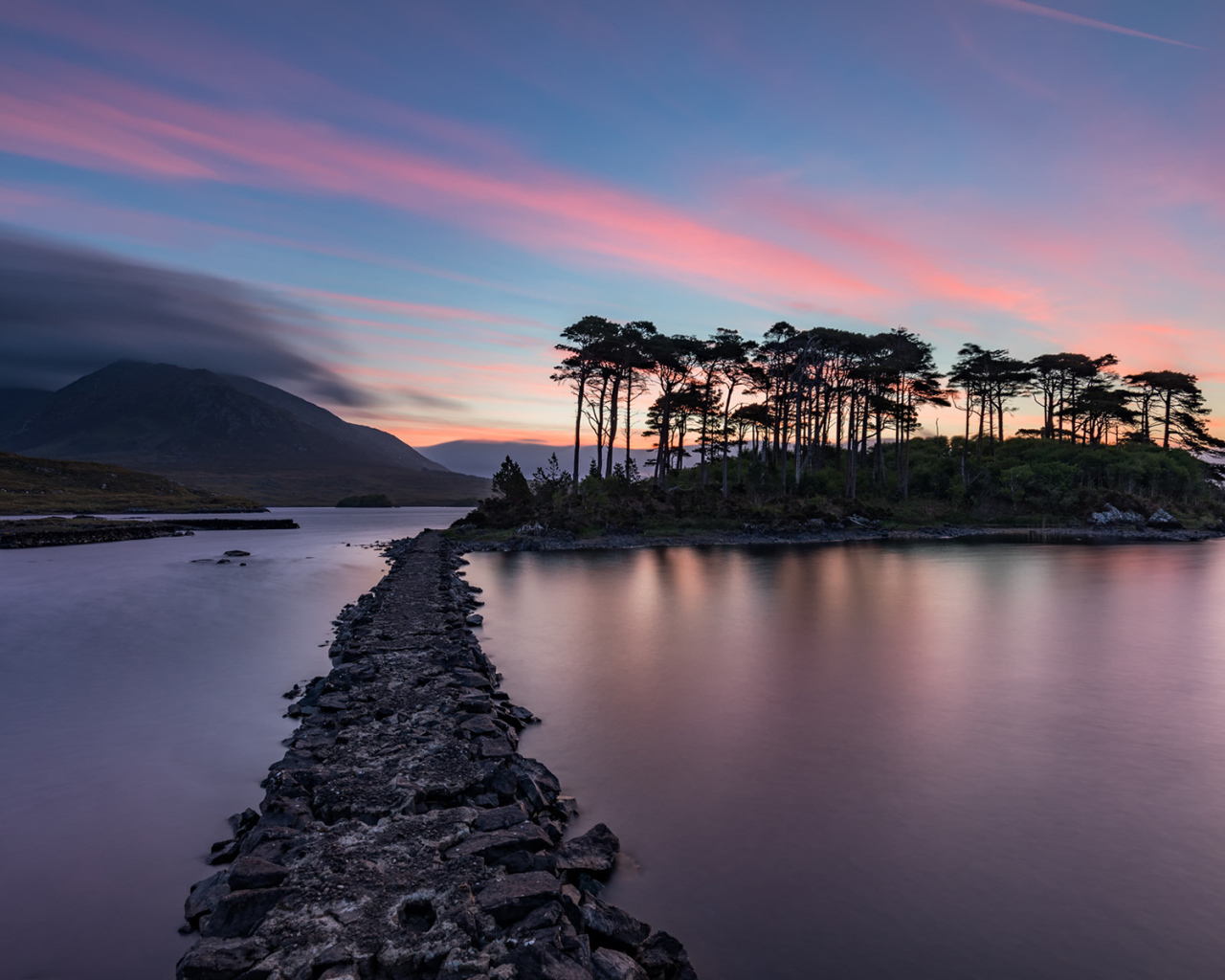 Дорога ведет к острову на фоне голубого заката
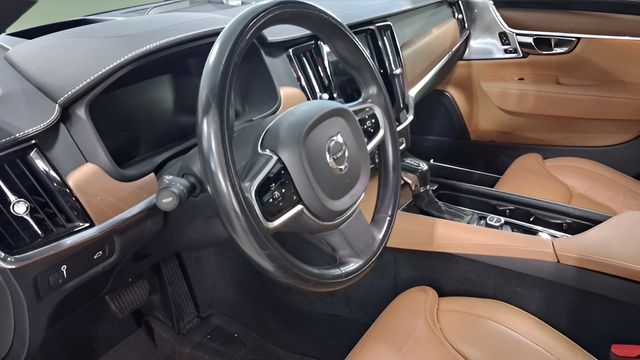 Used 2017 Volvo S90 Sedan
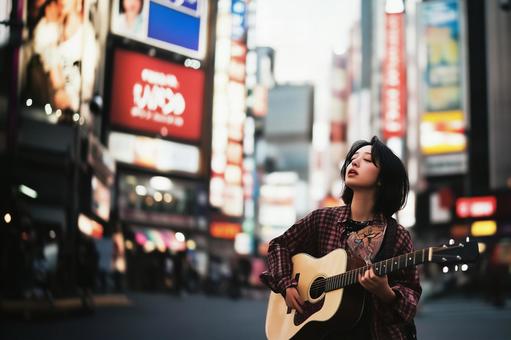 歌手の女性とギター演奏 歌手の女性とギター演奏の写真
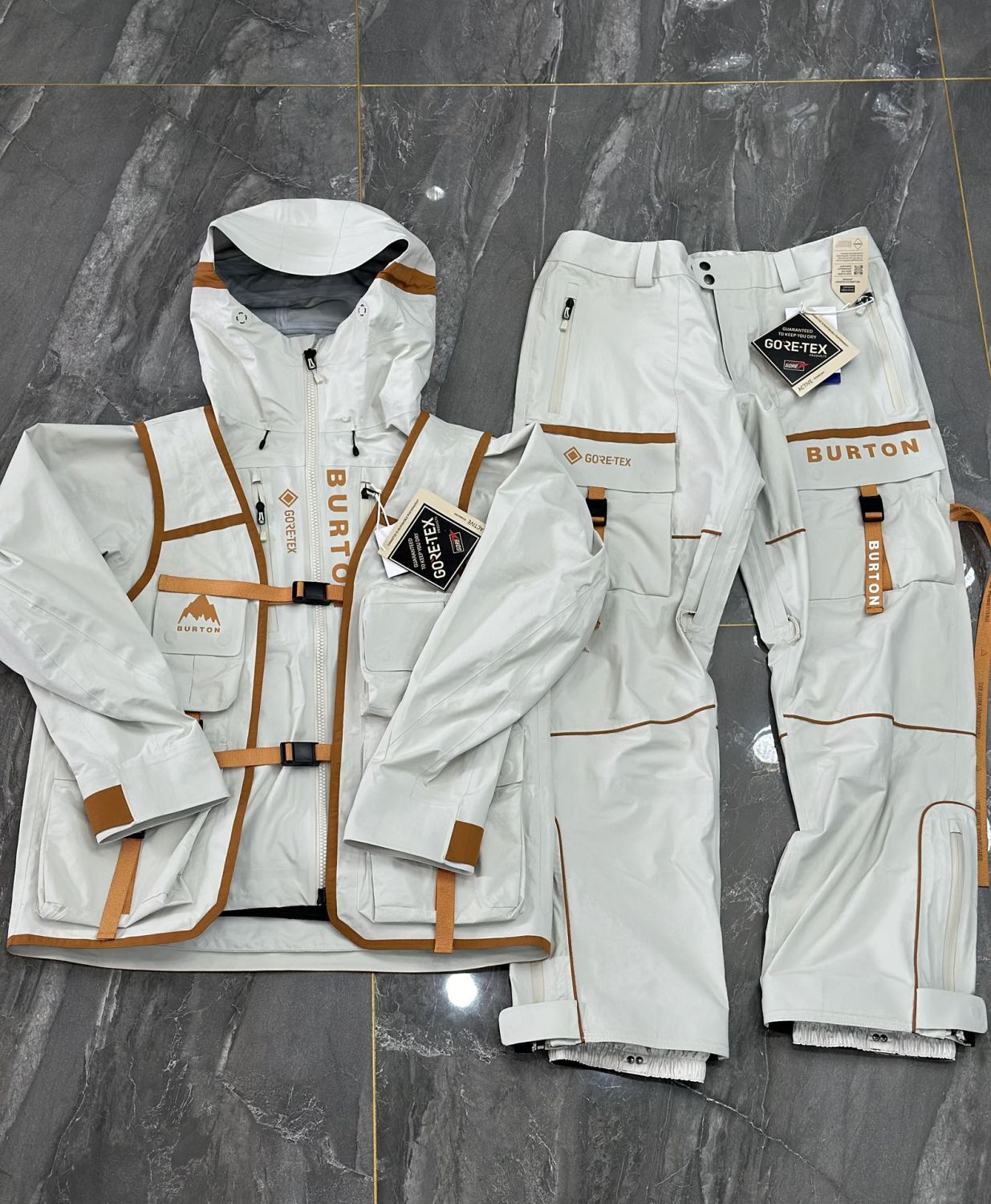 Louis Vuitton Burton Men's And Women's Fall And Winter Astronaut Series Hooded Ski Jacket Zipper Vest Leisure Ski Pants Suit Set #74665
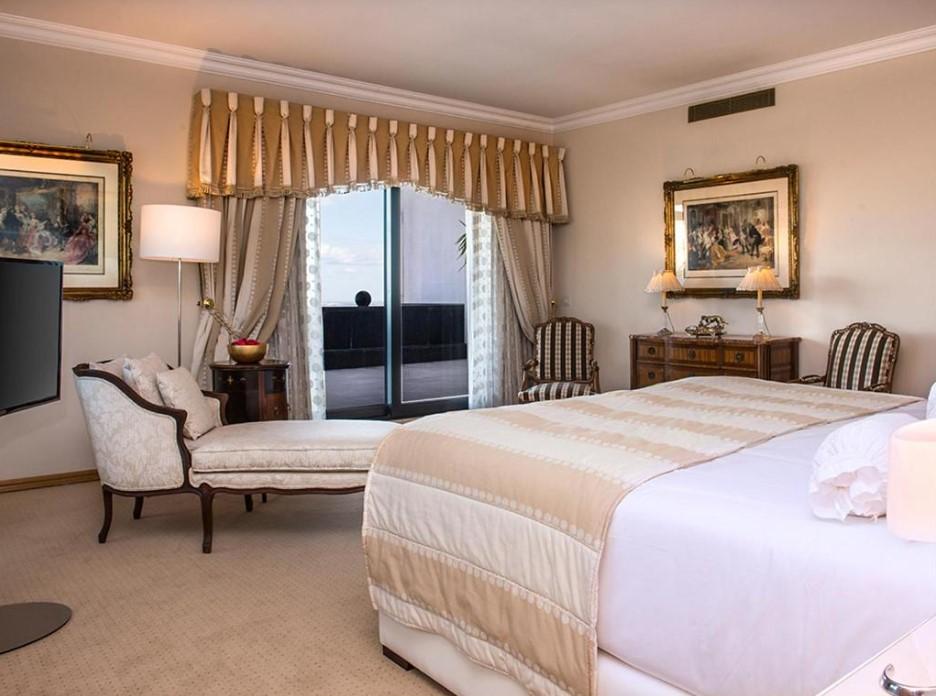 ดอม เปโดร ลิสบอน Hotel ภายนอก รูปภาพ A bedroom at the hotel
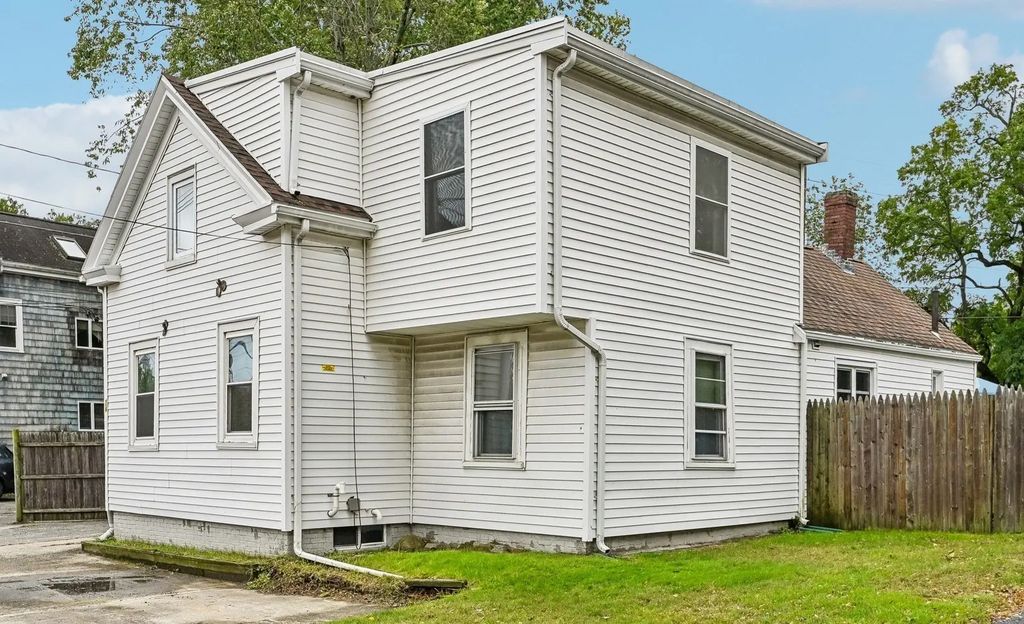 24 Andover Street, Peabody
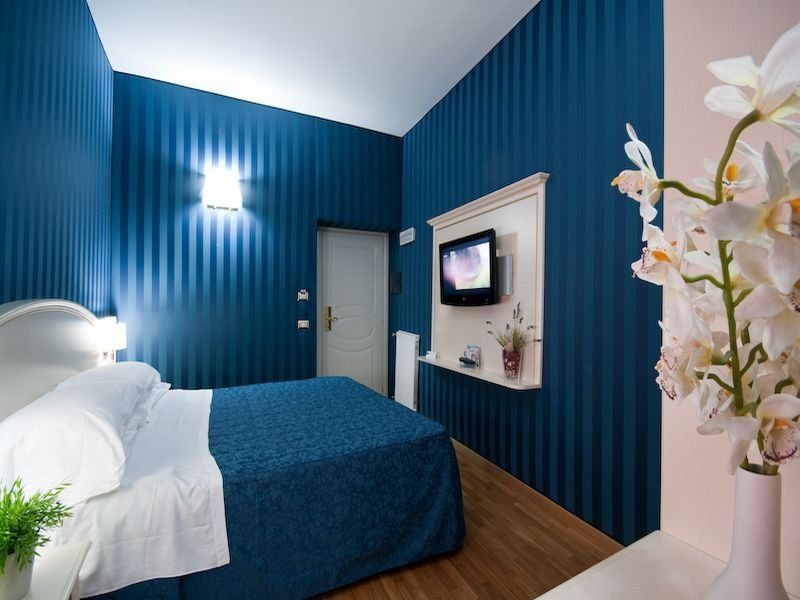 רומא Trevi 41 Hotel מראה חיצוני תמונה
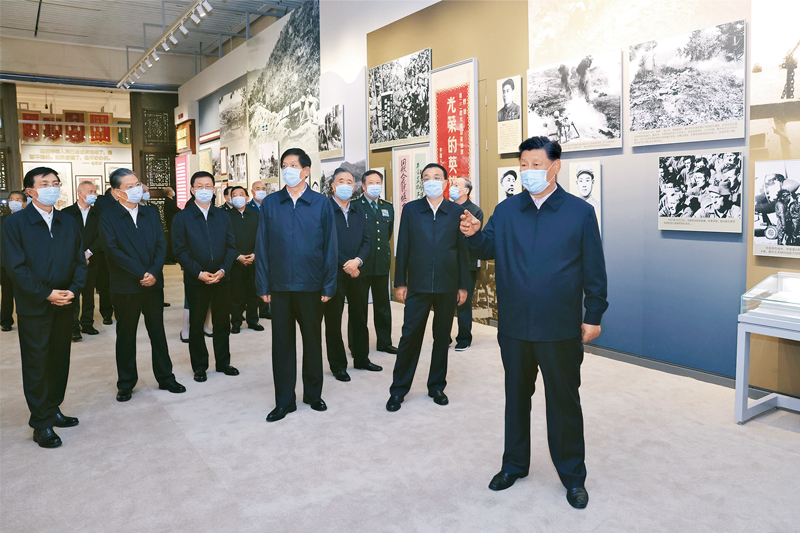 2020年10月19日，党和国家领导人习近平、李克强、栗战书、汪洋、王沪宁、赵乐际、韩正、王岐山等在中国人民革命军事博物馆参观“铭记伟大胜利　捍卫和平正义——纪念中国人民志愿军抗美援朝出国作战70周年主题展览”。新华社记者 鞠鹏/摄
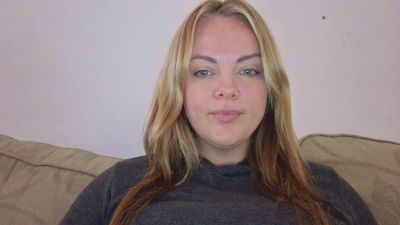 Chloe_Black8 live from United Kingdom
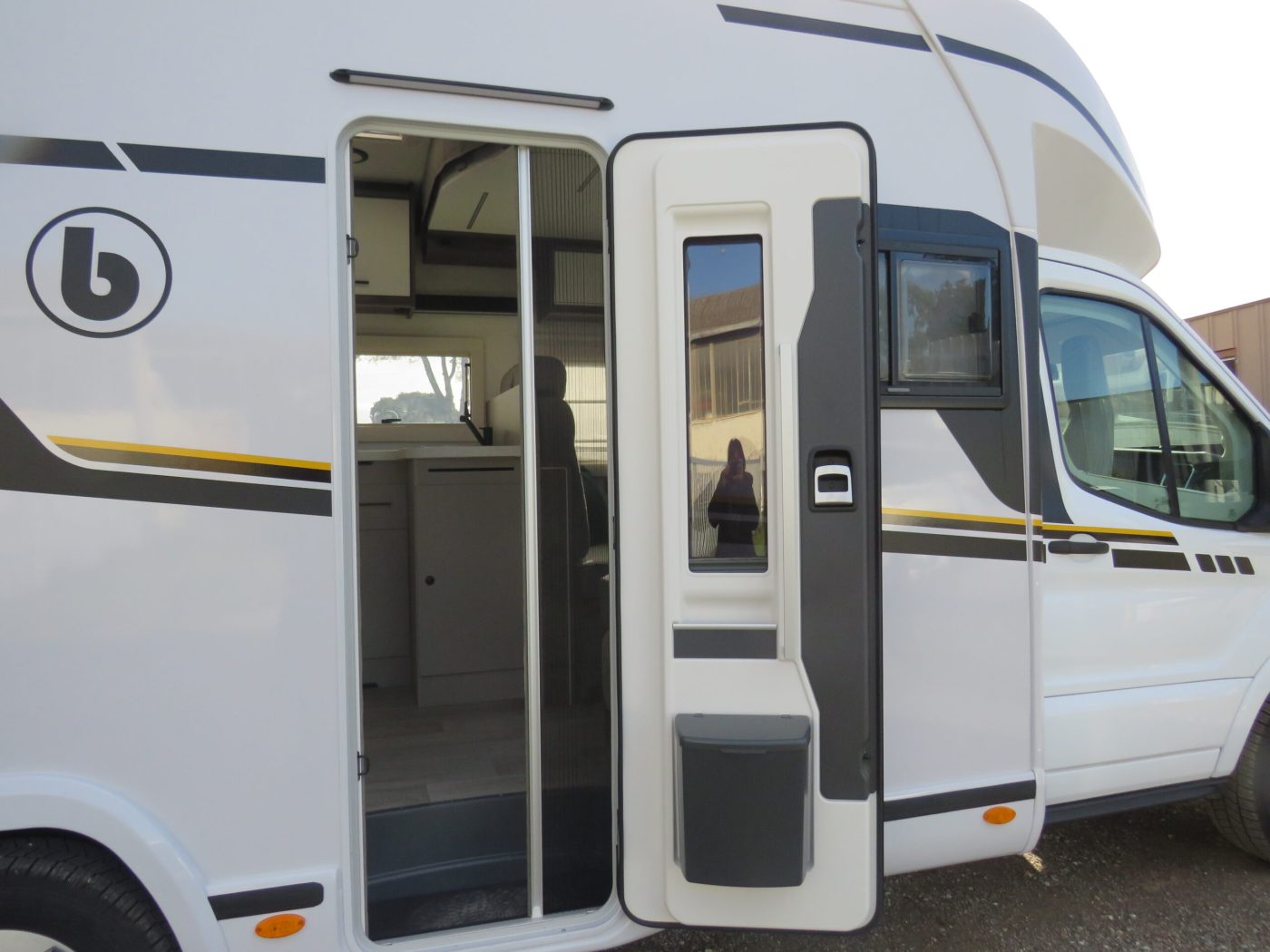 Benimar Tessoro 463 Cambio automatico CV 165 Pronta consegna Promo BENIDAYS - foto 7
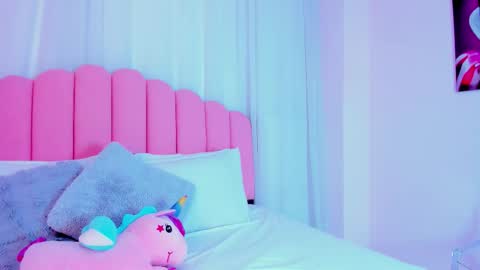 Nina online show from November 2025 08:31:01 PM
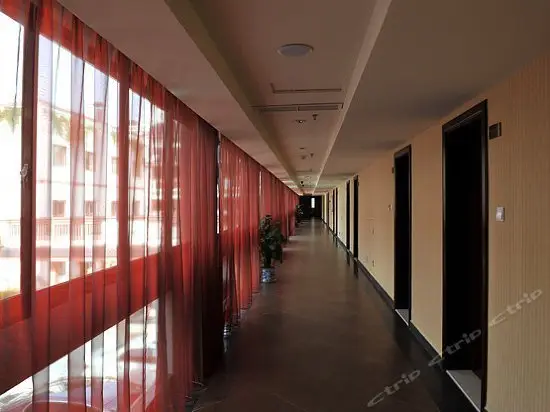 Longquan Nanguo Garden Hotel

--

## WORK INSTRUCTIONS
Apart from the pictures, set down all the entries above exactly.

## RESPONSE
 Дорога ведет к острову на фоне голубого заката
 Used 2017 Volvo S90 Sedan
 歌手の女性とギター演奏 歌手の女性とギター演奏の写真
 Louis Vuitton Burton Men's And Women's Fall And Winter Astronaut Series Hooded Ski Jacket Zipper Vest Leisure Ski Pants Suit Set #74665
 ดอม เปโดร ลิสบอน Hotel ภายนอก รูปภาพ A bedroom at the hotel
 24 Andover Street, Peabody
 רומא Trevi 41 Hotel מראה חיצוני תמונה
 2020年10月19日，党和国家领导人习近平、李克强、栗战书、汪洋、王沪宁、赵乐际、韩正、王岐山等在中国人民革命军事博物馆参观“铭记伟大胜利　捍卫和平正义——纪念中国人民志愿军抗美援朝出国作战70周年主题展览”。新华社记者 鞠鹏/摄
 Chloe_Black8 live from United Kingdom
 Benimar Tessoro 463 Cambio automatico CV 165 Pronta consegna Promo BENIDAYS - foto 7
 Nina online show from November 2025 08:31:01 PM
 Longquan Nanguo Garden Hotel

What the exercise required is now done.